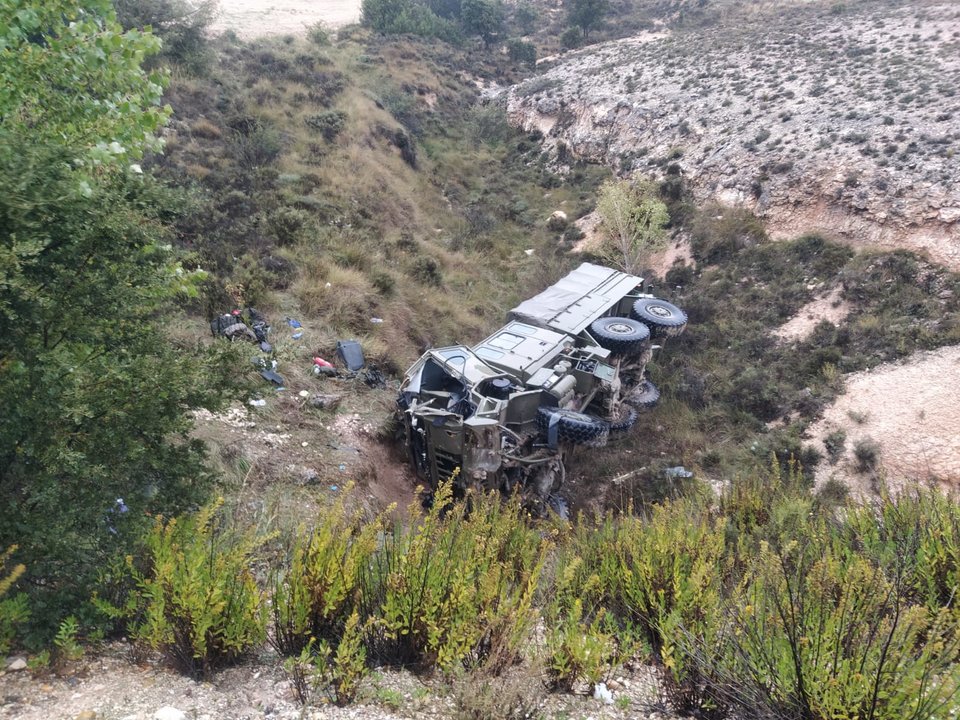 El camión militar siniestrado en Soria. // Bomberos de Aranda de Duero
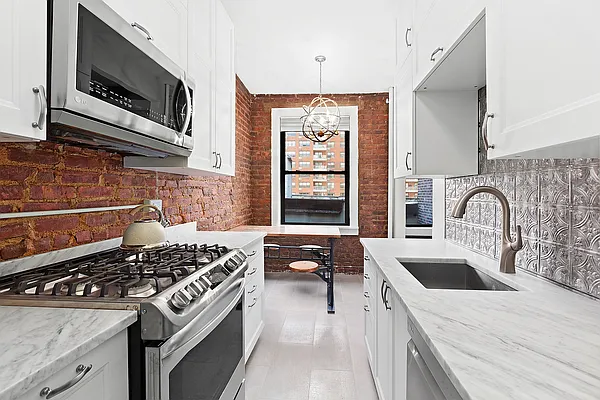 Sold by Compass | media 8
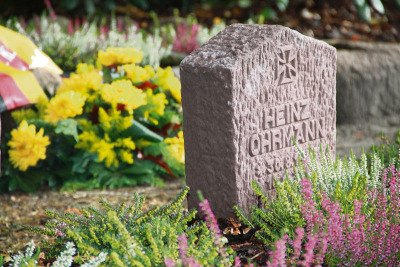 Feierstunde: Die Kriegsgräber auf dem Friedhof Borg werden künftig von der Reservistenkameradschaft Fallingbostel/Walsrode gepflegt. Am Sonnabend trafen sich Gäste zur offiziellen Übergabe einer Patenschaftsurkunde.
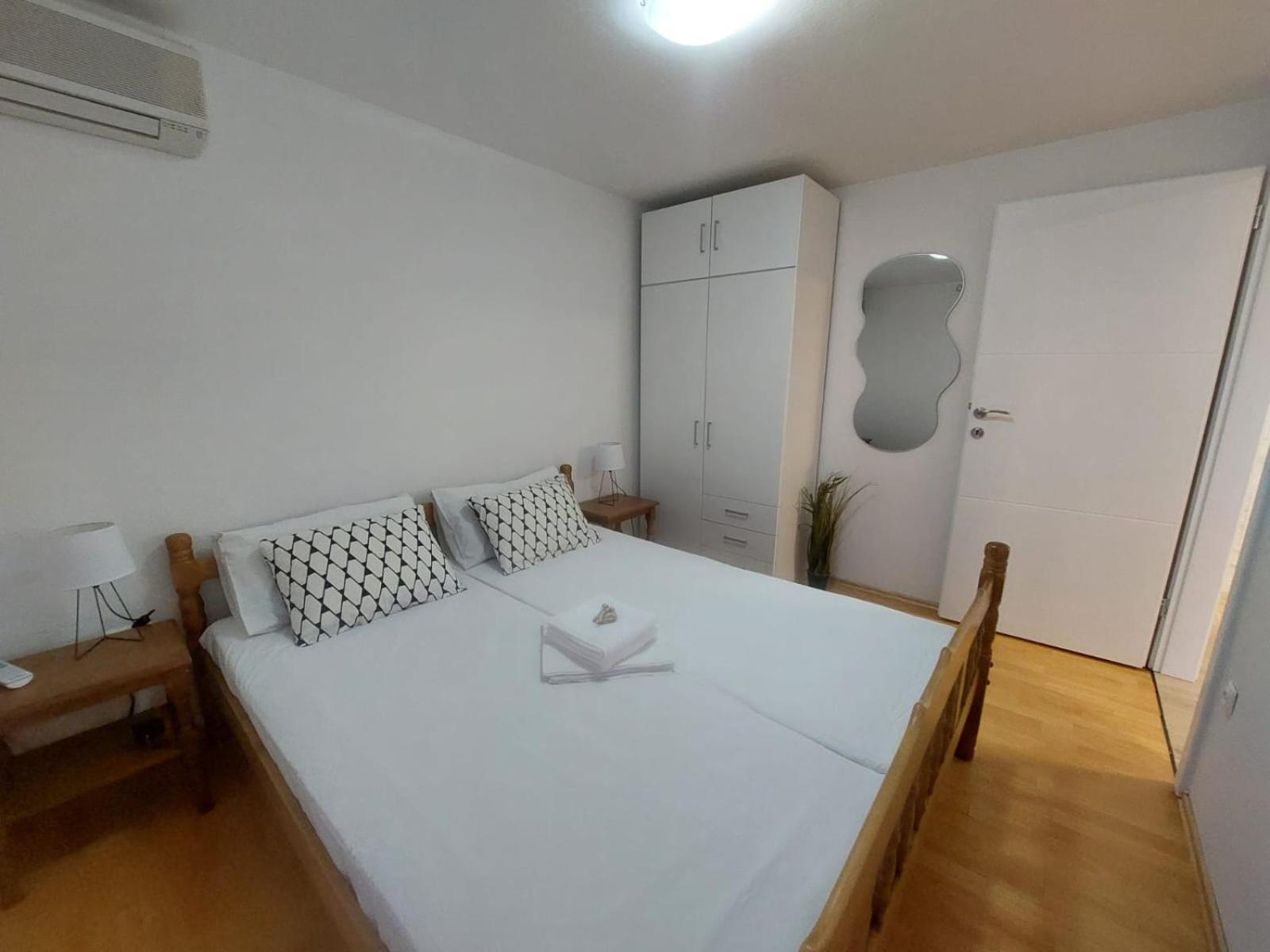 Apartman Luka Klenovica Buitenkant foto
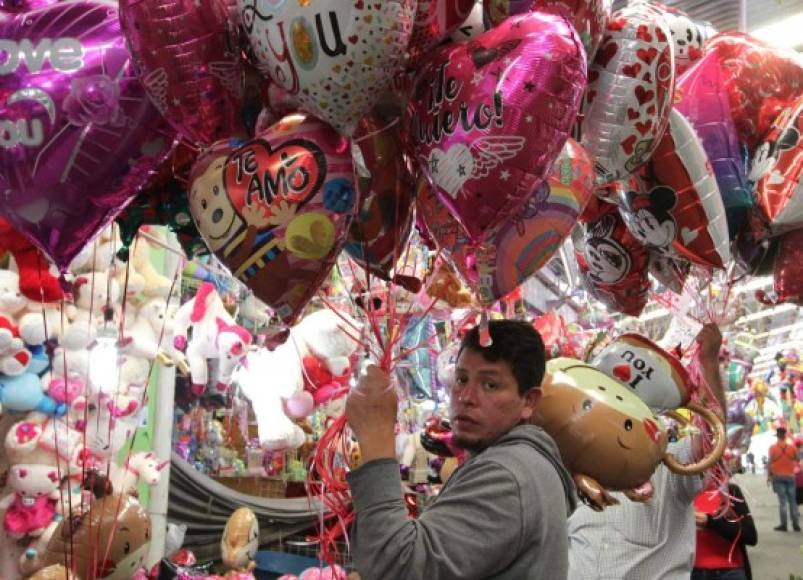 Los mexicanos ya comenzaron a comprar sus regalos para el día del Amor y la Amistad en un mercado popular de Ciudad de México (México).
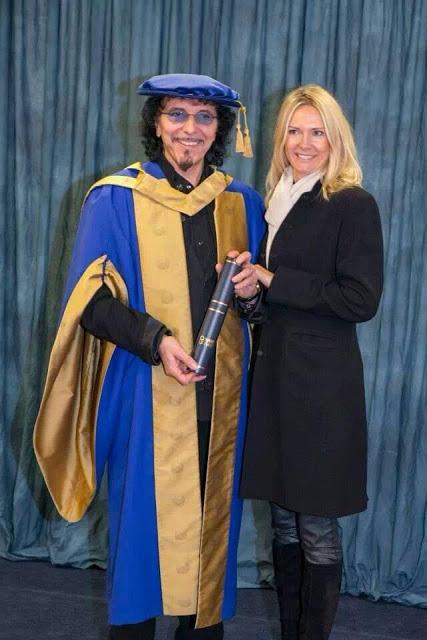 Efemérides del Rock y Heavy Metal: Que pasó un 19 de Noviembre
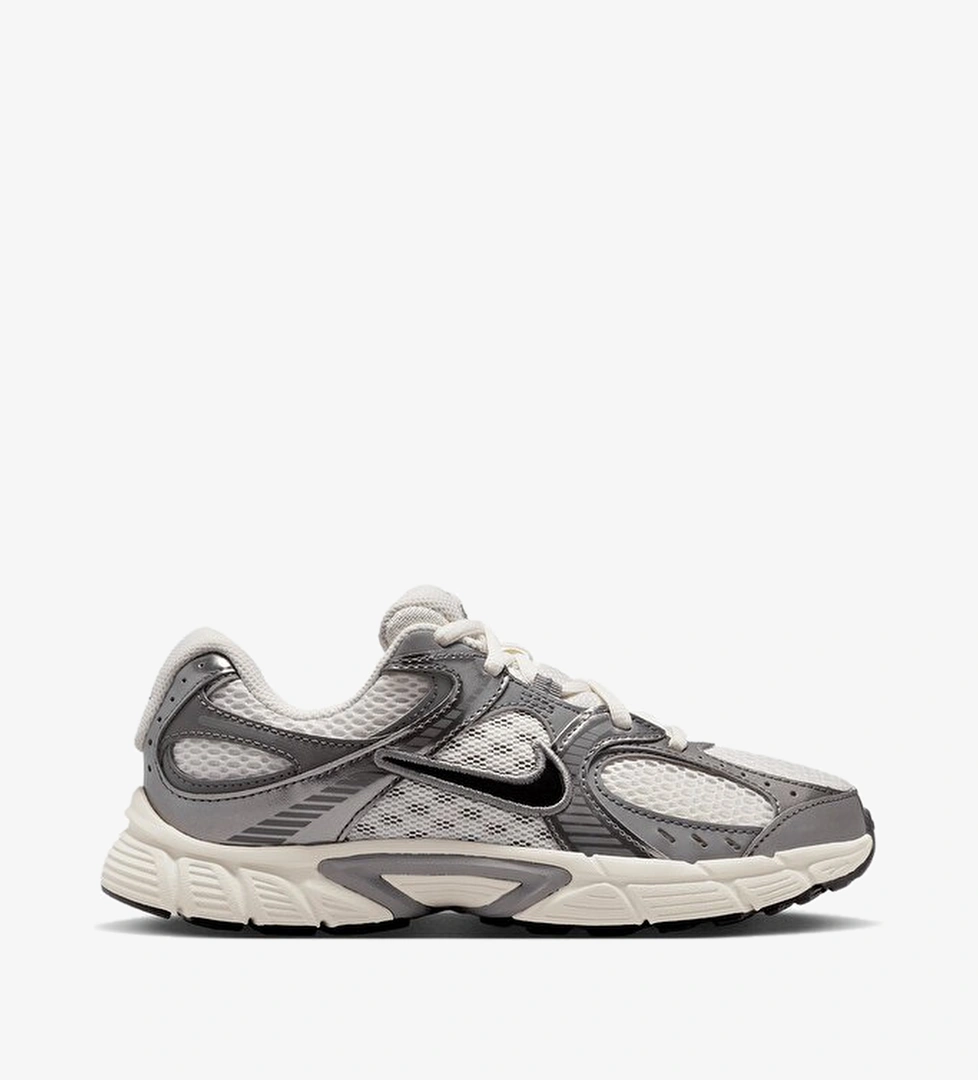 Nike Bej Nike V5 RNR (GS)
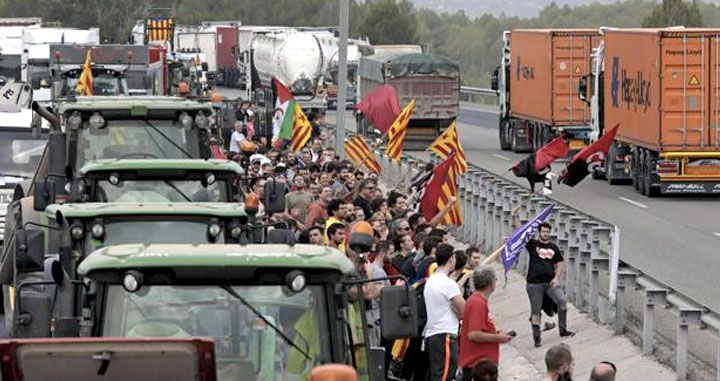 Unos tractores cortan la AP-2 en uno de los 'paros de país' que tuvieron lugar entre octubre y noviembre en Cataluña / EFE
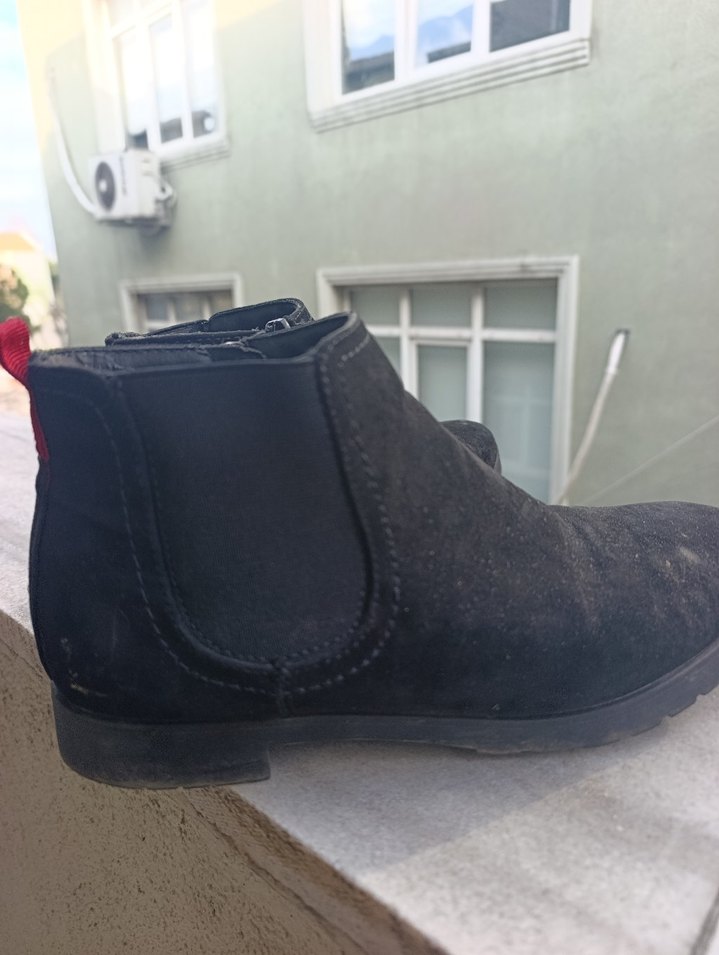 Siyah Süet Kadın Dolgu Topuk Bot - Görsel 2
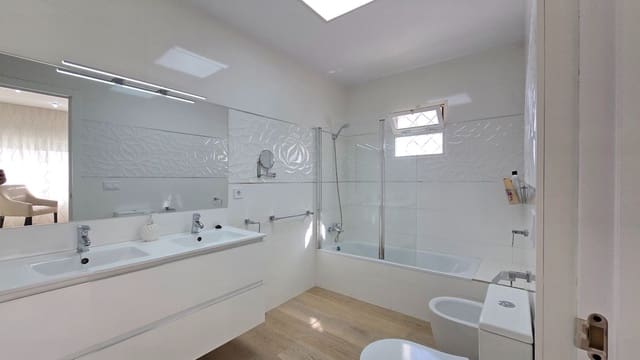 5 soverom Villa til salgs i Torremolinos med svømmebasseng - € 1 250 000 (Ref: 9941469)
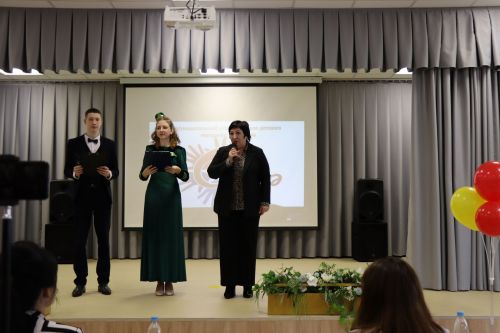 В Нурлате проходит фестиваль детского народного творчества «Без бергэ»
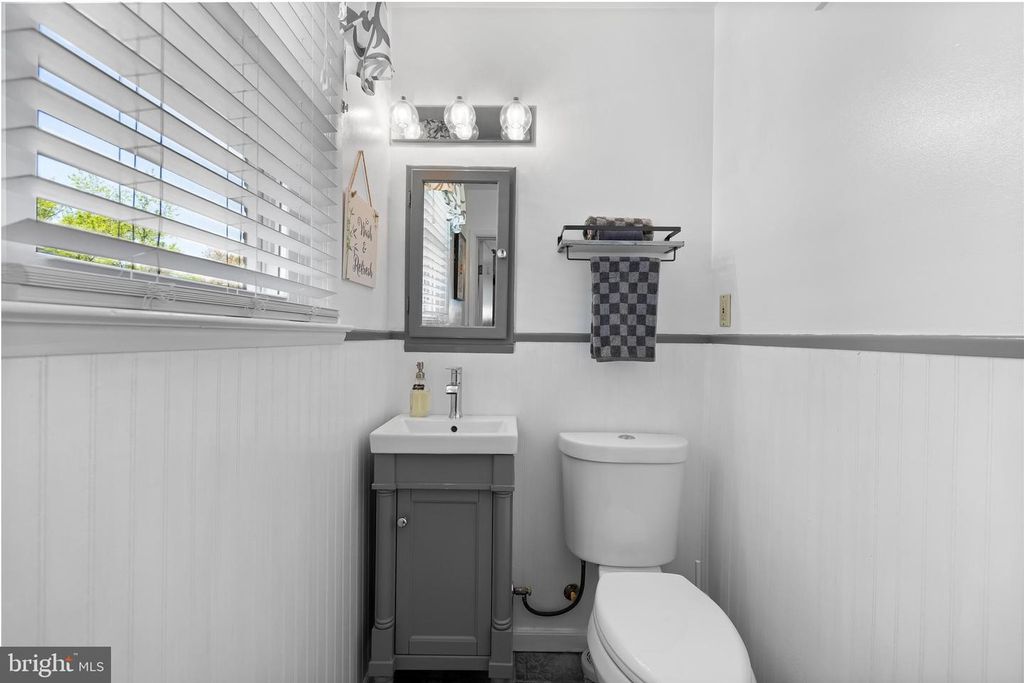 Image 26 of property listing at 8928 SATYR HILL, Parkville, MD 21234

------------------------------------------------------------------------

**What to produce**
Restate exactly the lines that start at the "Feierstunde: Die Kriegsgräber" line and end with the last line of the material above, leaving out the pictures.

**Result below**
 Feierstunde: Die Kriegsgräber auf dem Friedhof Borg werden künftig von der Reservistenkameradschaft Fallingbostel/Walsrode gepflegt. Am Sonnabend trafen sich Gäste zur offiziellen Übergabe einer Patenschaftsurkunde.
 Apartman Luka Klenovica Buitenkant foto
 Los mexicanos ya comenzaron a comprar sus regalos para el día del Amor y la Amistad en un mercado popular de Ciudad de México (México).
 Efemérides del Rock y Heavy Metal: Que pasó un 19 de Noviembre
 Nike Bej Nike V5 RNR (GS)
 Unos tractores cortan la AP-2 en uno de los 'paros de país' que tuvieron lugar entre octubre y noviembre en Cataluña / EFE
 Siyah Süet Kadın Dolgu Topuk Bot - Görsel 2
 5 soverom Villa til salgs i Torremolinos med svømmebasseng - € 1 250 000 (Ref: 9941469)
 В Нурлате проходит фестиваль детского народного творчества «Без бергэ»
 Image 26 of property listing at 8928 SATYR HILL, Parkville, MD 21234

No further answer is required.